Since the liability of the principal debtor
and the surety is a joint and several liability, a direction that the bank
should proceed first against the principal debtor and only afterwards for any
balance which could not be realised, against the surety, could not be granted.
CIVIL APPELLATE JURISDICTION : Civil Appeals
Nos. 113 to 1140 of 1966.
137 Appeals by special leave from the
judgments and decrees dated February 8, 1963 of the Andhra Pradesh High Court
in Civil Revision Petition No. 572 of 1960 and C.C.C. Appeals Nos. 63 and 66 of
M.C. Chagla and K. R. Chaudhuri, for the
appellants (in C.As. Nos. 1138 of 1966) and the respondents (in C.As. No. 1140
B.V. Subramanyam and A. V. Rangam, for the
respondent (in C.A. No. 1138 of 1966) respondent No. 1 (in C.A. No. 1 L 139 of
1966) and the appellant (in C.A. No. 1140 of 1966).
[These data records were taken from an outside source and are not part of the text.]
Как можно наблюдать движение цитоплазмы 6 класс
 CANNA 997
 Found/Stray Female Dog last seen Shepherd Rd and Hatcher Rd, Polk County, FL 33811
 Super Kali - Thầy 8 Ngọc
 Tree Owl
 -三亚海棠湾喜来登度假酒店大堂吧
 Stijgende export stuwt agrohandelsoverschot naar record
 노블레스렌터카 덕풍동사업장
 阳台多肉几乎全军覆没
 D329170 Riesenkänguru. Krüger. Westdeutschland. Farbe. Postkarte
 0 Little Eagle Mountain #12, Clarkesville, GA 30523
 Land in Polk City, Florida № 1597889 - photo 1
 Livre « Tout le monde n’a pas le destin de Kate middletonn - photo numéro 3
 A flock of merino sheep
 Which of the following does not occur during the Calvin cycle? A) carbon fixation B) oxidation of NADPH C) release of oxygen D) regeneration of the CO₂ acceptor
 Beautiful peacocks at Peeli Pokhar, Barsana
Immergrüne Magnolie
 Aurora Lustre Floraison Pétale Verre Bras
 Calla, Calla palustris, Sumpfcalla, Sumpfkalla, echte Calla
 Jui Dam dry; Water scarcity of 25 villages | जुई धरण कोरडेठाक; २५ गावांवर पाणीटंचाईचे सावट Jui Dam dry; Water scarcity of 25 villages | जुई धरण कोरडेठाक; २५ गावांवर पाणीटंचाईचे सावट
The Judgment of the Court was delivered byGrover,
J. These appeals arise out of two different litigations although some of the
parties are the same. Civil Appeal No. 1138 of 1966 is directed against the
judgment of the Andhra Pradesh High Court dated February 8, 1963 in a revision
petition. The other two cross appeals i.e. 1139 of 1966 and 1140 of 1966 arise
out of the judgment dated February 1, 1963 passed by the same High Court in a
suit which had been filed by the State Bank of Hyderabad on the basis of a
promissory note dated November 27, 1953 for recovery of Rs. 70,000. We shall
dispose of Civil Appeal No. 1138 of 1966 first. The Hyderabad State Bank had
filed a suit in July 1956 against the joint family business known as Mukund Das
Raja Bhagwandas & Sons and the four sons of Raja Bhagwan Das who had died,
the sons having been impleaded as defendants 2 to 5. There was a sixth
defendant also Srikishen Sookhdev Malani. According to the claim of the Bank
defendants 2 to 5 were members of a joint undivided family, defendant No. 2
being the Head Karta and Manager.
On February 2, 1951 defendant No. 2 in his
above capacity requested the Bank to grant what is called a "clean cash
credit" limit of Rs. 1,00,000 against the guarantee of defendant No. 6.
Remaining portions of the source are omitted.